Wednesday, 5 January 2011

Avengers #91. The Kree/Skrull War Part 3.

Avengers #91, Sal Buscema, the Kree/Skrull War
Sometimes you can't help feeling a super-villain wouldn't half benefit from getting out a bit more. Ronan the Accuser's the latest of those as, having decided that turning the human race into cavemen isn't enough, a few pages into this issue he decides he'd rather turn us into amoebae. At this point maybe someone should tell him he's devoting far too much time to all this. Ronan, get out of the house. Go to a movie. Go on a date. Try your hand at Laser Quest. Write a blog. There's so much more to life than planning ever more extreme ways of de-evolving people.

Then again, maybe the problem is he gets out too much. Like Thunderbirds' The Hood, for a man in charge of a vast organisation, he seems remarkably hands-on. Why does a being who now rules an inter-stellar empire have to travel all the way to Earth just to press some buttons? Couldn't he have stayed back home and got someone else to do all this?

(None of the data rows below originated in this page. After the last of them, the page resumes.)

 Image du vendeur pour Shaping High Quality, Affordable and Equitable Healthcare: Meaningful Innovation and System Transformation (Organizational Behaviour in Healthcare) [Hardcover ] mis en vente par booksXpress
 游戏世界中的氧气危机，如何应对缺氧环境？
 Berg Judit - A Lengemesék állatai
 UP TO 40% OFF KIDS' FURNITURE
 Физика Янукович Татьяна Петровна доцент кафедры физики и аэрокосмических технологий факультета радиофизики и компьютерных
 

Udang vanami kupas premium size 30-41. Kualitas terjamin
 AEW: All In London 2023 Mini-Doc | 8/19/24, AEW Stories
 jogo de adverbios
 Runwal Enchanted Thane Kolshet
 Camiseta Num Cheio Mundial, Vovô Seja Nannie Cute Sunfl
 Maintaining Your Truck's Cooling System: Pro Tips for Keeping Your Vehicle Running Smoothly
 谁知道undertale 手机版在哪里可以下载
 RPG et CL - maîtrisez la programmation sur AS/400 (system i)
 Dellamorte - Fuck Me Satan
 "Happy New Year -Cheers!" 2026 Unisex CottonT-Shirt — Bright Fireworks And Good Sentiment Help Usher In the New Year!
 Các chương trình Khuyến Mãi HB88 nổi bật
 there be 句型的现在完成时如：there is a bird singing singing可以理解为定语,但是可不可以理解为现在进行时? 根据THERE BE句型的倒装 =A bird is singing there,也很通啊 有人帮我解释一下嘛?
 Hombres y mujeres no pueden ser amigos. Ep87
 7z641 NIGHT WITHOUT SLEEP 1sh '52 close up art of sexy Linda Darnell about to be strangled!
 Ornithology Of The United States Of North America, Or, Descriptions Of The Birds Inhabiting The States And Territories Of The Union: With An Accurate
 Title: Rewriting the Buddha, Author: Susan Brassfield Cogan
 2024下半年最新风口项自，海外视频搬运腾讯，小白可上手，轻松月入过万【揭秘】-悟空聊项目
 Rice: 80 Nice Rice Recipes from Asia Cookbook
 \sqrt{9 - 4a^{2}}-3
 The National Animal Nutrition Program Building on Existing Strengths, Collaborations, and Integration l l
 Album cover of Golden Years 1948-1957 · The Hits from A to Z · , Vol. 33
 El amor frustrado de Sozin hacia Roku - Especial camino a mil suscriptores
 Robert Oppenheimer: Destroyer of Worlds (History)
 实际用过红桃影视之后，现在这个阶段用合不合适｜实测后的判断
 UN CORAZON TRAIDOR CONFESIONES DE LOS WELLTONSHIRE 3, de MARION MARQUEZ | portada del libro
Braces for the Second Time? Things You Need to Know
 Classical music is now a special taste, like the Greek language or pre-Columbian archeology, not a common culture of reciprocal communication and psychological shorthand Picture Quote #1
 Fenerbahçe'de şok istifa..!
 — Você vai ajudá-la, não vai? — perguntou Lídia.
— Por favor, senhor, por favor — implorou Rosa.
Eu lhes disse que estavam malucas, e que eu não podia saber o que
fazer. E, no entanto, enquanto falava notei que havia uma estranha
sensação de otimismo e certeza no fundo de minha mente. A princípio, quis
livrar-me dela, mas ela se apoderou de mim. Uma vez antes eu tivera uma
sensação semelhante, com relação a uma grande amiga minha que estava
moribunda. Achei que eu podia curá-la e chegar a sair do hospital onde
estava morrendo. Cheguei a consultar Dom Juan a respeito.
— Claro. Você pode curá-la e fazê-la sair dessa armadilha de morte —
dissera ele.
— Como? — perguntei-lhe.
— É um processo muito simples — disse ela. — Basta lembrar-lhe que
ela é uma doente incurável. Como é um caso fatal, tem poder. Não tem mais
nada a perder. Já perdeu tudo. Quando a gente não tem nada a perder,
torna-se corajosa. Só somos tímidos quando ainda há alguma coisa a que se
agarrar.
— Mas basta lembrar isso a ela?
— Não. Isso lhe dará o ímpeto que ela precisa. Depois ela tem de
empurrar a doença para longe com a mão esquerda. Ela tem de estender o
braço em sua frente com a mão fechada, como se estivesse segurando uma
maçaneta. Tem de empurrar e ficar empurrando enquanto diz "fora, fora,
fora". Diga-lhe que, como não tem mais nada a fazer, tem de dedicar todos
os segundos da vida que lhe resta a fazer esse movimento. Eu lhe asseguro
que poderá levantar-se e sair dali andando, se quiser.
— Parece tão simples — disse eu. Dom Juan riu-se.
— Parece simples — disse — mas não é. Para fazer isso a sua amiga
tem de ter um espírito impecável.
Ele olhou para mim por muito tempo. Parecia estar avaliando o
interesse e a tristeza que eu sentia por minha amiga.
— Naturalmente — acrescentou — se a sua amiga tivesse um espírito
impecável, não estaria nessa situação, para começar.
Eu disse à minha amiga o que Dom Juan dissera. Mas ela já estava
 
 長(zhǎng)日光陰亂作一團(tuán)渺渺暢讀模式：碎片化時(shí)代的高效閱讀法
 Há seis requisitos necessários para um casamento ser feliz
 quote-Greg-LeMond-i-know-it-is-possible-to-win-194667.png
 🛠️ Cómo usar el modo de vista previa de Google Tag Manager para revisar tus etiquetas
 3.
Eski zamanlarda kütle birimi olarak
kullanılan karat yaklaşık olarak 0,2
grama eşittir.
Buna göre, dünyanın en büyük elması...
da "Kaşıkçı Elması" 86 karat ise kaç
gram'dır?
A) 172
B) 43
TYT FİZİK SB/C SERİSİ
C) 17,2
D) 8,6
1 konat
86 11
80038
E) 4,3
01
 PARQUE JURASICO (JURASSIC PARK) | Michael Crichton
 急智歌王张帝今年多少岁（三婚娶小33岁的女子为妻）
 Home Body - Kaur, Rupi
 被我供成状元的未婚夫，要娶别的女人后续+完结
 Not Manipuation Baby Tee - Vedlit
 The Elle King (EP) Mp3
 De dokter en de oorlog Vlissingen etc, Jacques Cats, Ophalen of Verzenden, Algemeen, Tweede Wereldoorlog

Meanwhile the Avengers are still making a Horlicks of dealing with his Sentry, finally succumbing to it, with only Rick Jones and Quicksilver escaping. Fortunately the day's saved when  Rick liberates Captain Marvel's uni-beam wrist blaster and uses it to destroy Ronan's control panel, dooming the whole exercise. To make matters worse for our giant-sized judge, news comes in that the Kree galaxy's now at war with the Skrull galaxy, so he has to go back home, leaving the human race as multi-celled as always.

To a large degree, the vast majority of this issue really doesn't advance the plot by one inch. Hank Pym's still a caveman for most of it, Goliath's still helping the Sentry fight the Avengers, and Ronan's still out to de-evolve everyone, spending virtually the whole story boasting about his plans rather than actually instigating them. Captain Marvel meanwhile hangs around in shackles doing nothing. It's only at the climax that things suddenly change, with the foiling of Ronan's scheme, everything on Earth returned to normal and an outbreak of war that at the time seems of no great significance, just an overly-convenient plot device to get rid of the villain. As such, you could argue that, competent as they are, seventeen of its twenty pages don't really serve any great purpose in existing.

There is however one significant development during all this, and that's that, captured by Ronan, the Vision and Scarlet Witch finally get their romance going as they almost get to kiss, before the Vision's angst prevents it. Up until this point, there've been hints of it but at last we're being hit over the head with the frying pan of love. I'm sure most will view this as a good thing. In its early days, the Vision and Scarlet Witch's love story was arguably the most compelling romance yet seen in comics - even if Quicksilver might not agree.

That aside, the most appealing bit of characterisation comes from an unlikely source. The Sentry. Abandoned by Ronan, lacking any orders, the Sentry sacrifices itself trying to save the now collapsing base, even though it knows the task is hopeless. It might be a conscienceless machine but it does have a certain nobility about it.

The other moment of significance is that it's Rick Jones who ultimately foils Ronan's plan. Coincidence? Or signs of Roy Thomas already having a master plan for the whole thing in place?

2 comments:

Richard Bensam said...

"In its early days, the Vision and Scarlet Witch's love story was arguably the most compelling romance yet seen in comics" -- I can't be objective here, but I sure remember how sophisticated and mature it seemed when I was eight years old! And the slow buildup over many preceding months gave the reveal a big emotional charge, which is something no comic could have pulled off before Marvel made multi-issue subplots one of its distinctive ingredients.

Steve Does Comics said...

I do feel it was Quicksilver's opposition that really made it work. Take that away and it's just a love story. With Quicksilver added, it's suddenly a battle against bigotry and an impassioned plea for open-mindedness.